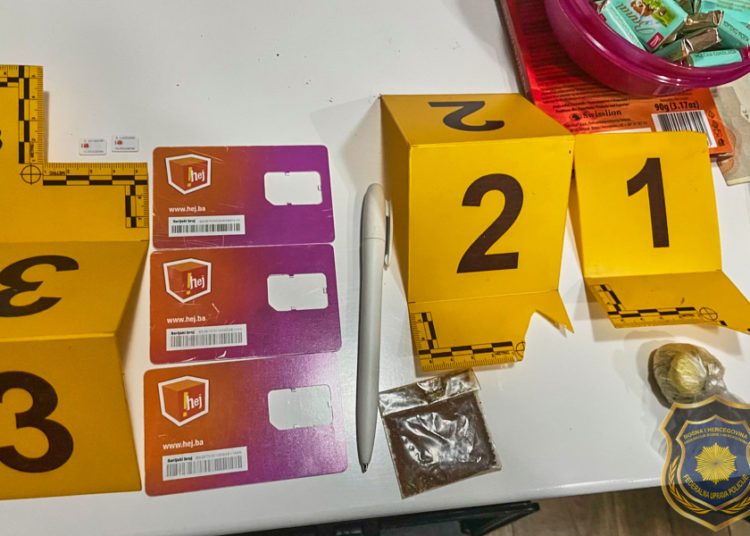 Široki Brijeg/Čapljina: U akciji Federalne uprave policije pronađeno tri kilograma heroina i amfetamina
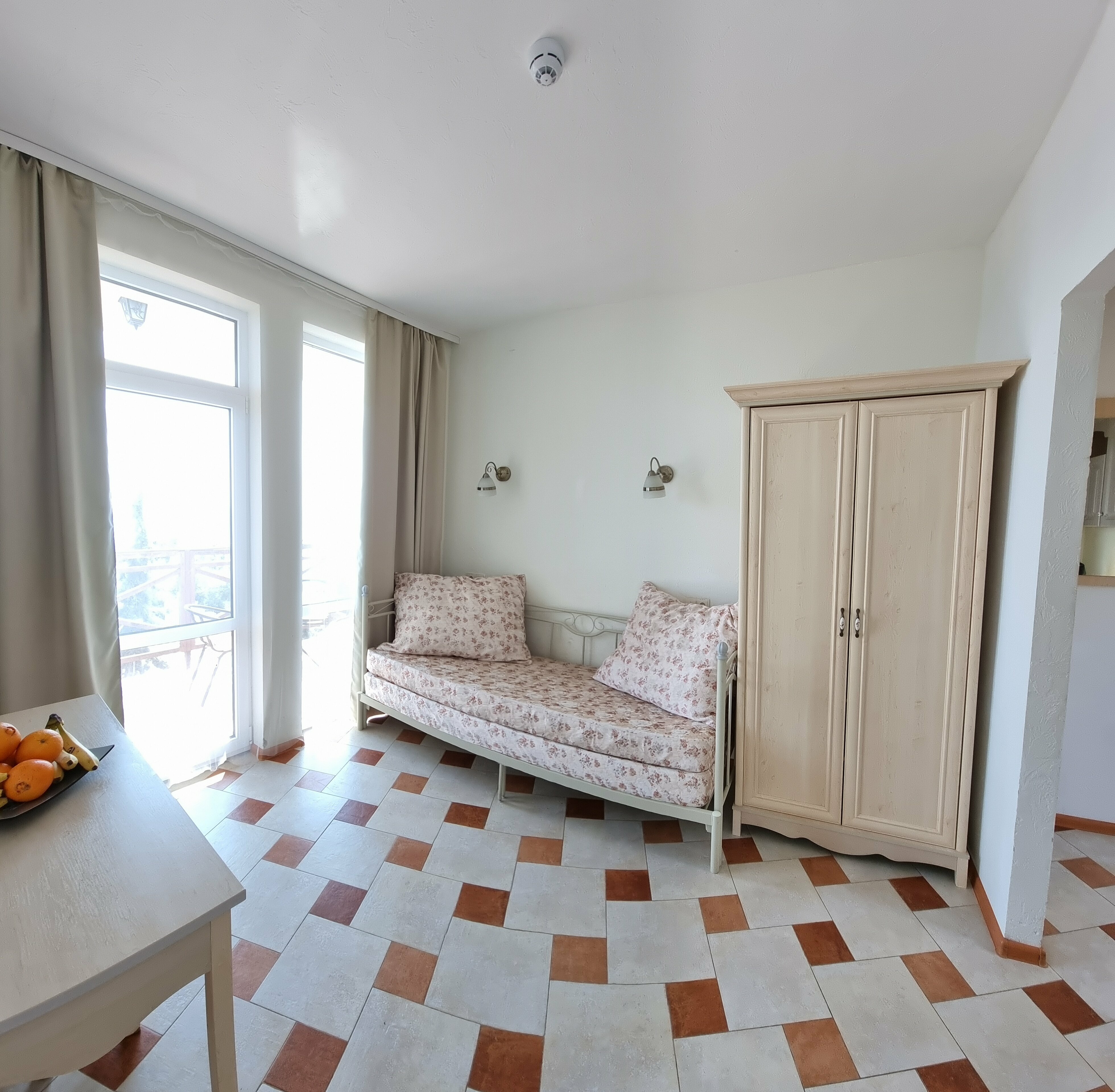 Апартаменты с видом на море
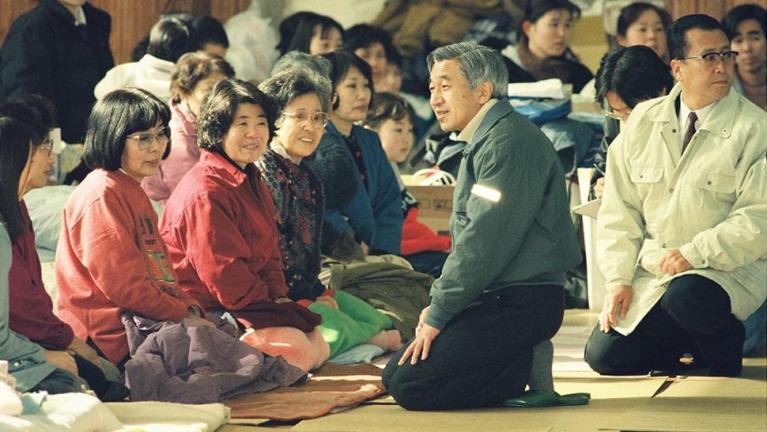 Akihito con gli sfollati del terremoto a Kobe.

○ ○ ○ ○ ○

* **ASSIGNMENT**: Give back the full listing exactly as written, only without its pictures.

* **EXERCISE RESPONSE**:
 Široki Brijeg/Čapljina: U akciji Federalne uprave policije pronađeno tri kilograma heroina i amfetamina
 Апартаменты с видом на море
 Akihito con gli sfollati del terremoto a Kobe.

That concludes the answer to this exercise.